From the records below, copy out each line that has the word "told".

BEGIN Data records

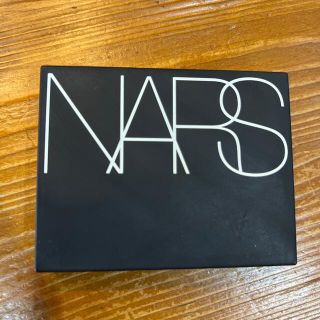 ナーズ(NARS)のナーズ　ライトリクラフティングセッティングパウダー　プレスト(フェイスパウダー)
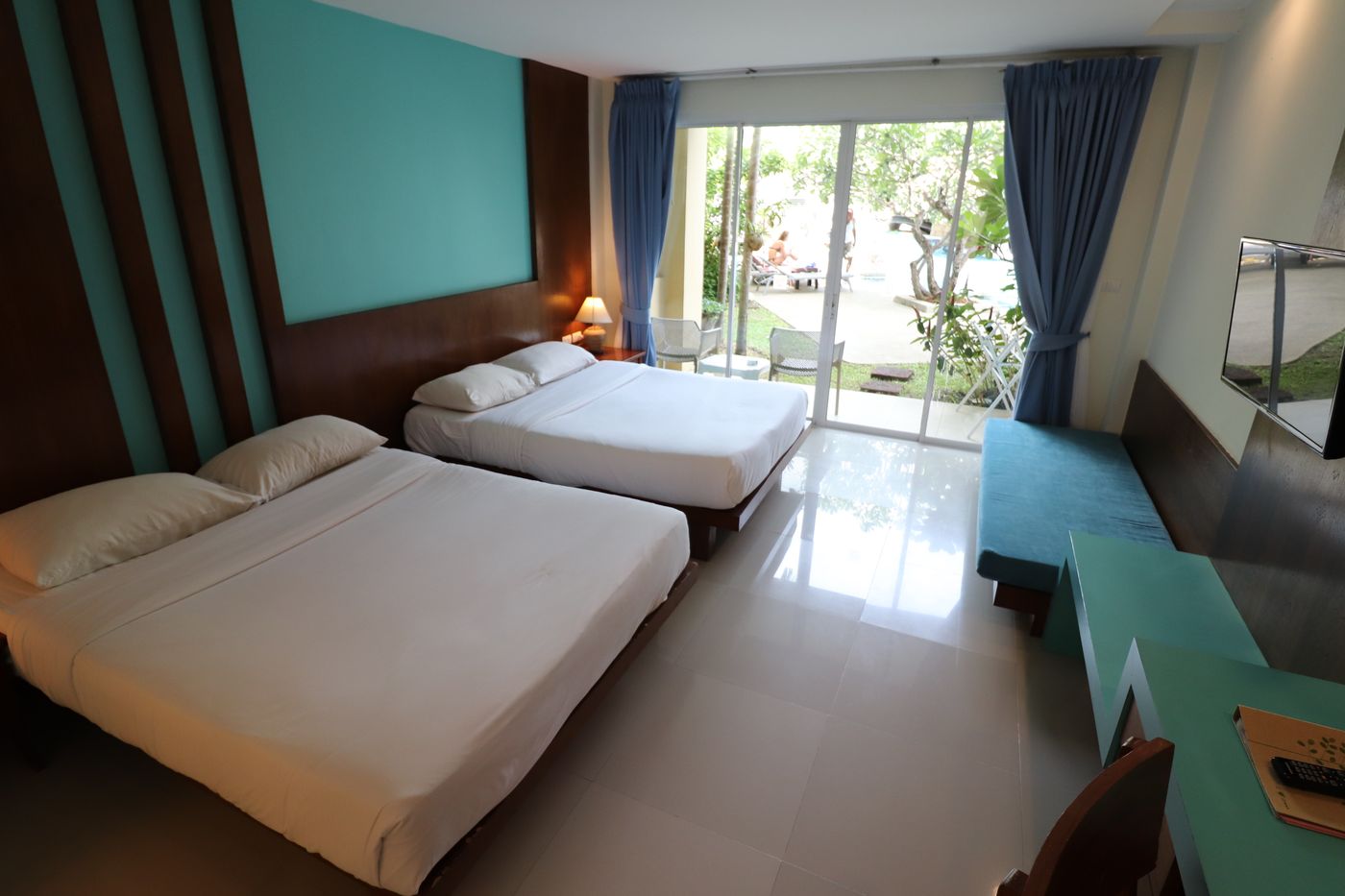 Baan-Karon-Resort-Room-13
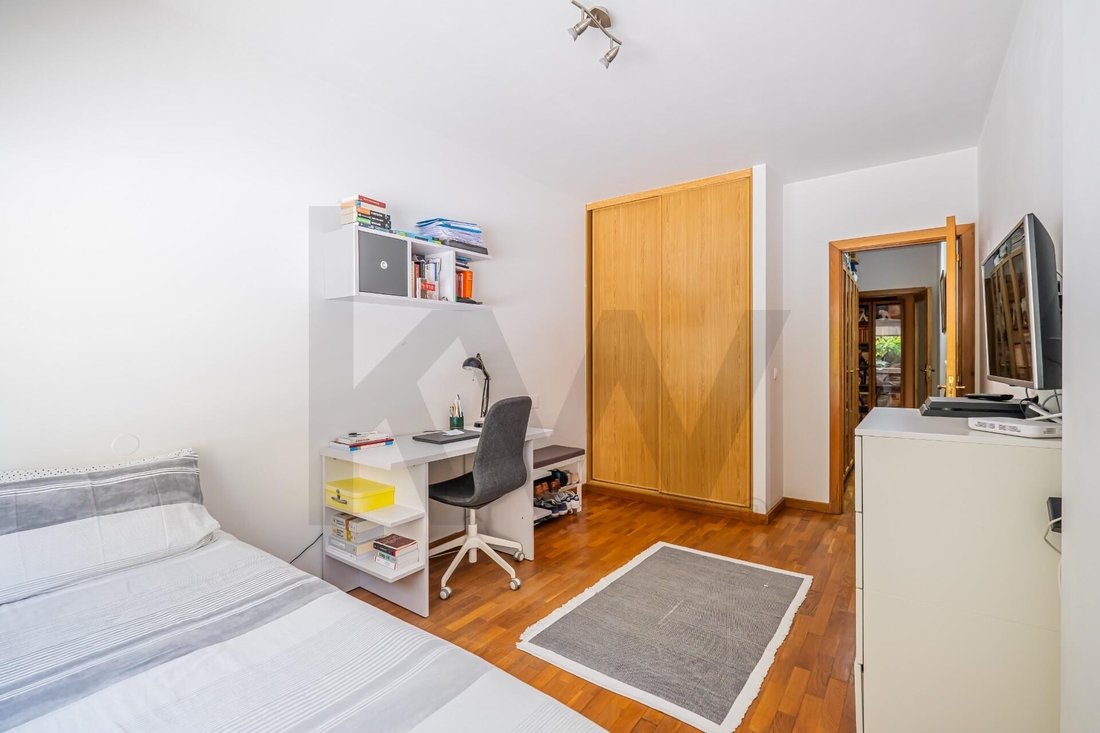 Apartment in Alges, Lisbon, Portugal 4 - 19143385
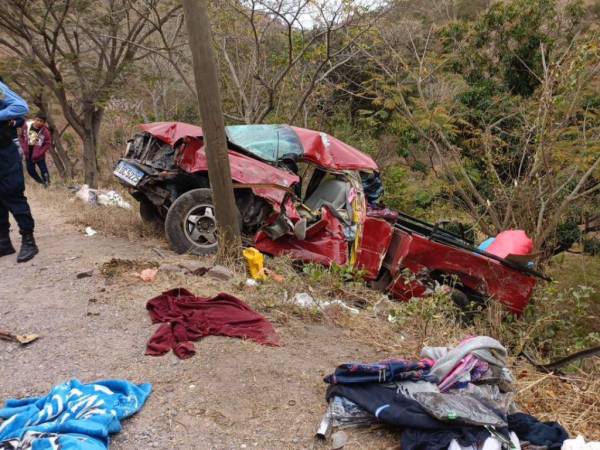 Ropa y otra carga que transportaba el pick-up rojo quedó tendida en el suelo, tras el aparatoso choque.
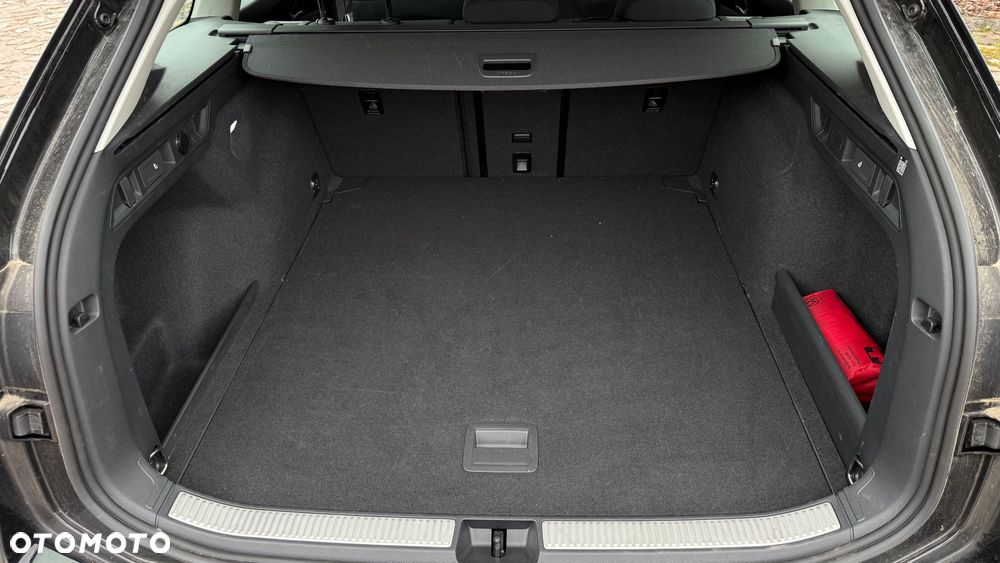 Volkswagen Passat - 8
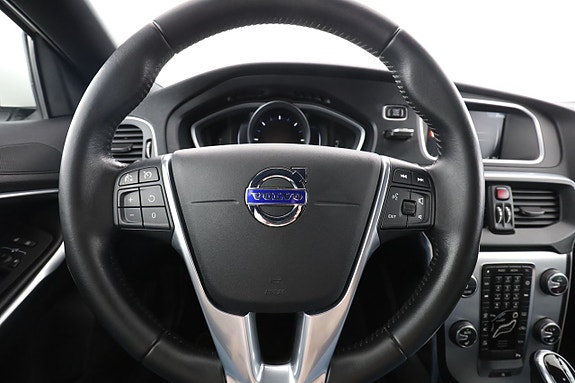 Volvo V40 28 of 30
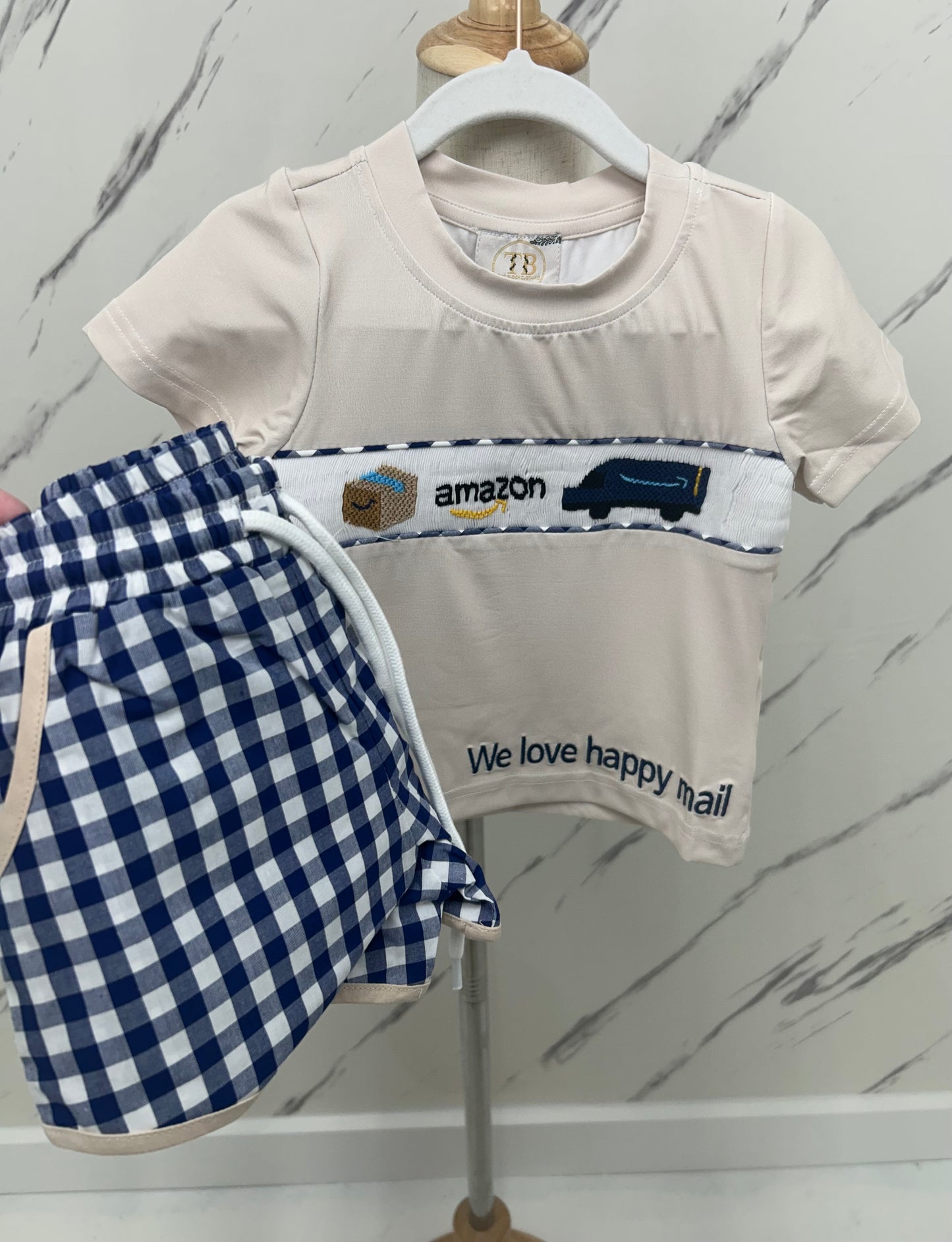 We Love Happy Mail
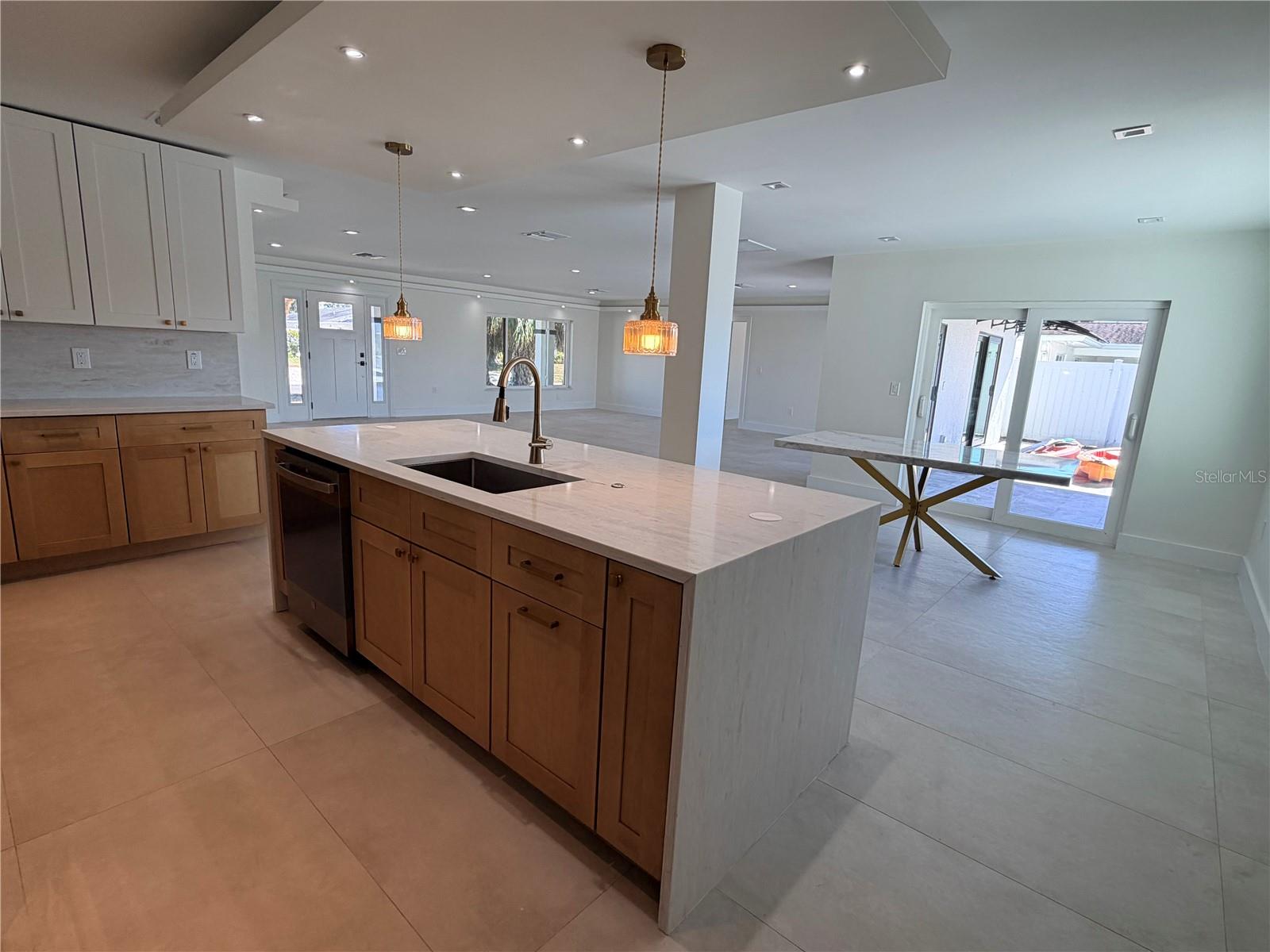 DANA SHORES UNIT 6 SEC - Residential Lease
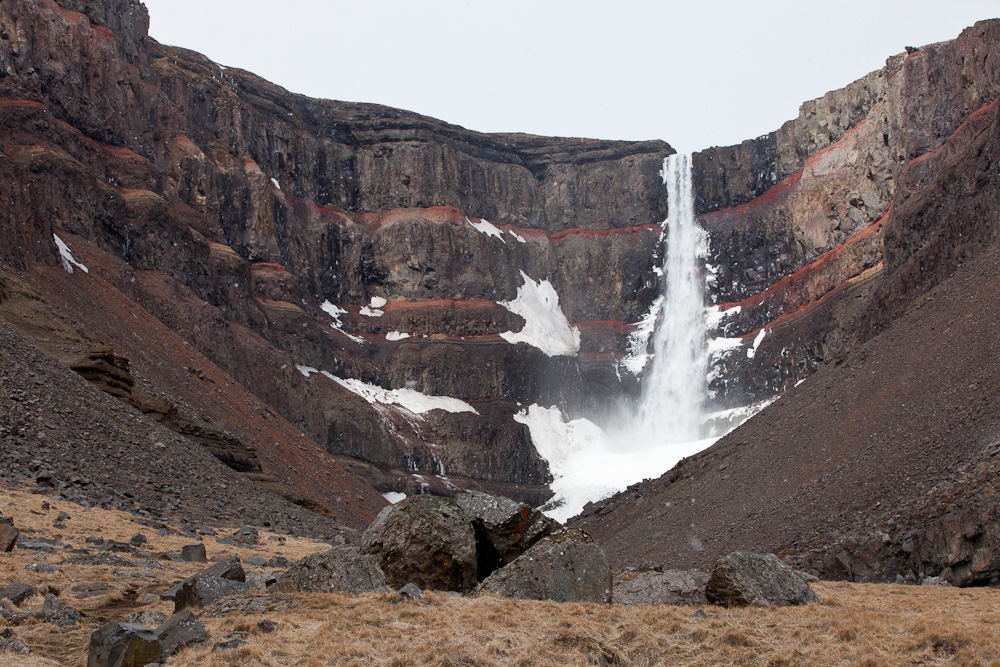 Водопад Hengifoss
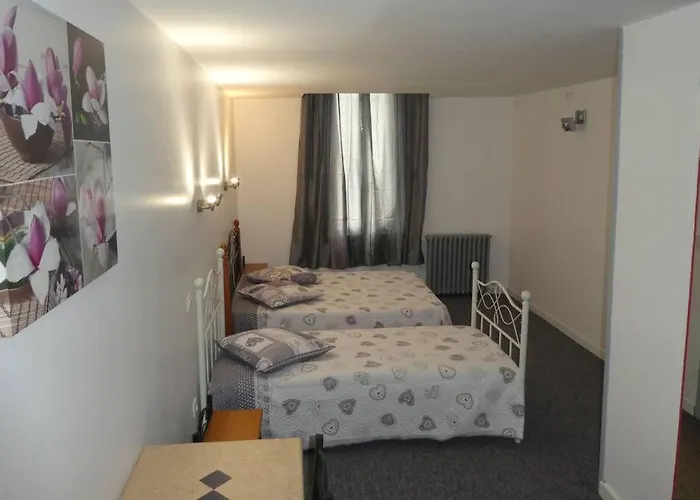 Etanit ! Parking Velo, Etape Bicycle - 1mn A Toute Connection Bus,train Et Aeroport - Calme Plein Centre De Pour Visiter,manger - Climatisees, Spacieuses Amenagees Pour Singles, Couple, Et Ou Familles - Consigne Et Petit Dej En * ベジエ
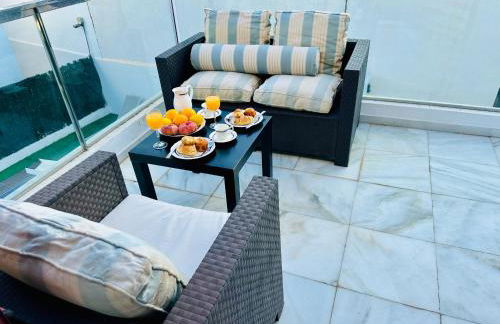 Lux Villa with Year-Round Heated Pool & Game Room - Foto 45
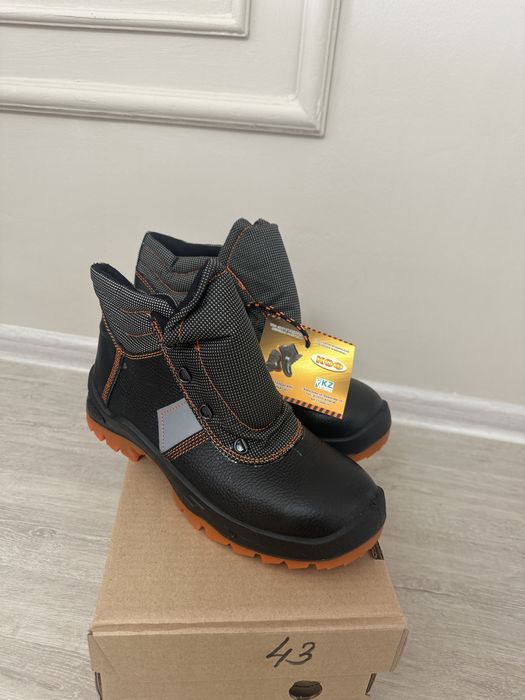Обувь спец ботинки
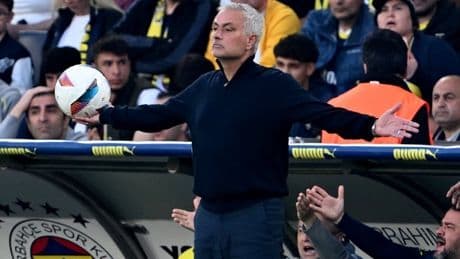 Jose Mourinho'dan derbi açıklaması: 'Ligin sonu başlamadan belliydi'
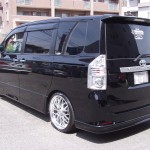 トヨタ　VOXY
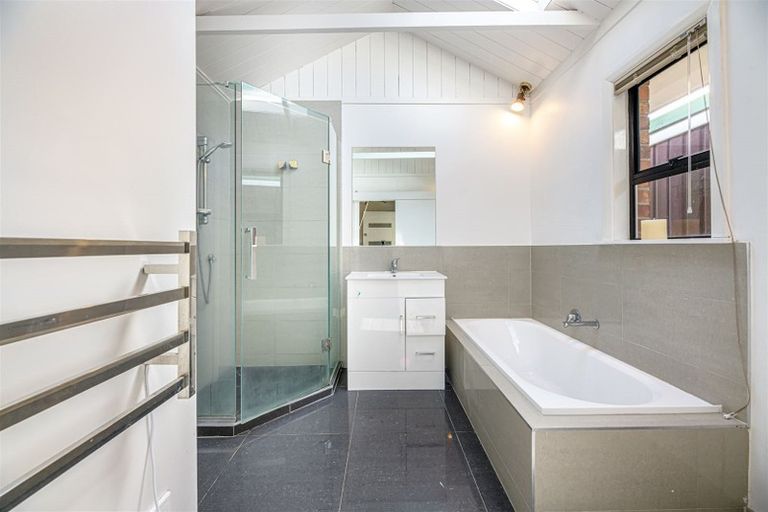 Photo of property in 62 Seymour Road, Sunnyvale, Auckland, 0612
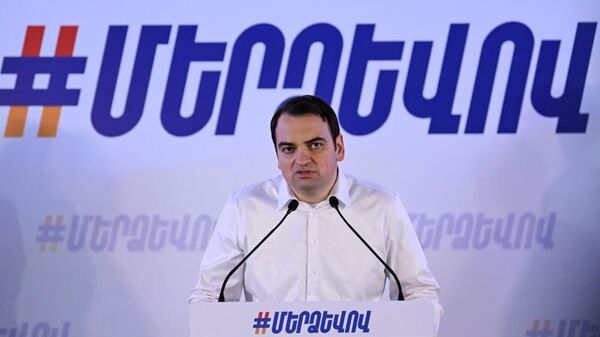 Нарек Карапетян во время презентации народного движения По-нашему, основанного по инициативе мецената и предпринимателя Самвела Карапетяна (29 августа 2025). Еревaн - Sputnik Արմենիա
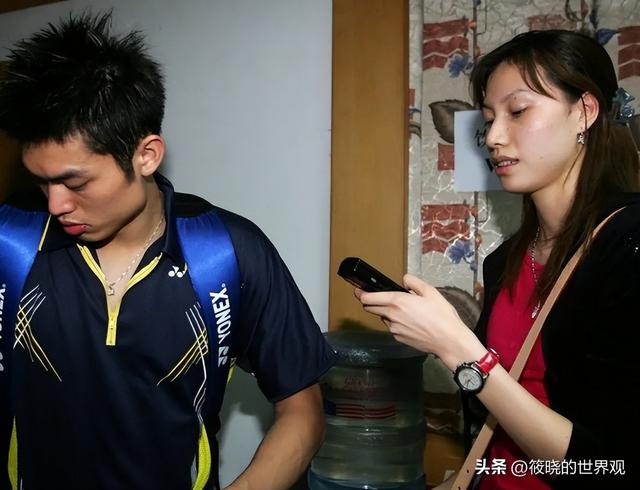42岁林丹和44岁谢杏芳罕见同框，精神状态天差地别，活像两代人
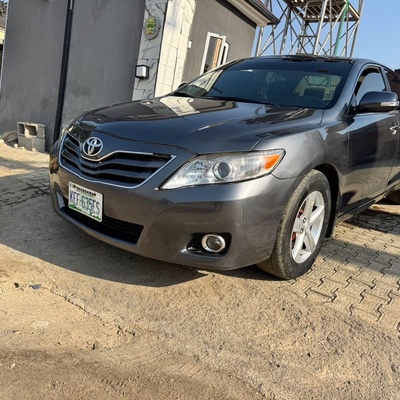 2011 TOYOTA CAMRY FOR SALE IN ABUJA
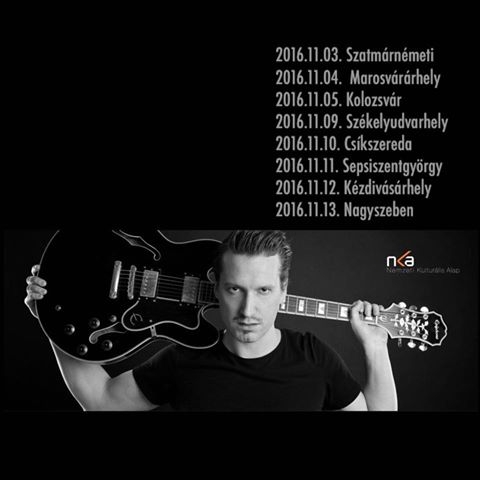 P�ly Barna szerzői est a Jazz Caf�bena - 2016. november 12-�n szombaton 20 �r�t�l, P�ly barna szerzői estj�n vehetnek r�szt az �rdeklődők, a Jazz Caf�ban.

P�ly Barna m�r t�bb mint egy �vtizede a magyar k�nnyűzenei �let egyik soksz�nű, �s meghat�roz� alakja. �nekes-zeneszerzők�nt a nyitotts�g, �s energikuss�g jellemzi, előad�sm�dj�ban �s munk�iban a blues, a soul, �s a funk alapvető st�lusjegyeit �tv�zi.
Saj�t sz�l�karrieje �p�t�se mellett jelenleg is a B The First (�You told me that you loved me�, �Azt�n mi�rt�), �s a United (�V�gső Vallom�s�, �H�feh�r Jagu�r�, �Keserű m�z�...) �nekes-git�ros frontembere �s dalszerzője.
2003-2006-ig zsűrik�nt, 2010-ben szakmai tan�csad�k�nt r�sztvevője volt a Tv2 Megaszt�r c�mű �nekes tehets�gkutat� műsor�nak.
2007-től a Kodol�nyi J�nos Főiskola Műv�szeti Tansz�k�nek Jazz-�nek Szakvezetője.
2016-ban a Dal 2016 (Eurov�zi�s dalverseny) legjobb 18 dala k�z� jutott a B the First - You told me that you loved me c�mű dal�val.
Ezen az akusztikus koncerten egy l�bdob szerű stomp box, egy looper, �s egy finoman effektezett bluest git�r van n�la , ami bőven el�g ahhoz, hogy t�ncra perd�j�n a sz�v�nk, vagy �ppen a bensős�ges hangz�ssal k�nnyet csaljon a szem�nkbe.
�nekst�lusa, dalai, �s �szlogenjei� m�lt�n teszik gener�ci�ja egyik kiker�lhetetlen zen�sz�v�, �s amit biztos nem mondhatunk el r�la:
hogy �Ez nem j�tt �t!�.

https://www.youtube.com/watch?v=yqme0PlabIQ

END Data records

• Exercise result
Saj�t sz�l�karrieje �p�t�se mellett jelenleg is a B The First (�You told me that you loved me�, �Azt�n mi�rt�), �s a United (�V�gső Vallom�s�, �H�feh�r Jagu�r�, �Keserű m�z�...) �nekes-git�ros frontembere �s dalszerzője.
2016-ban a Dal 2016 (Eurov�zi�s dalverseny) legjobb 18 dala k�z� jutott a B the First - You told me that you loved me c�mű dal�val.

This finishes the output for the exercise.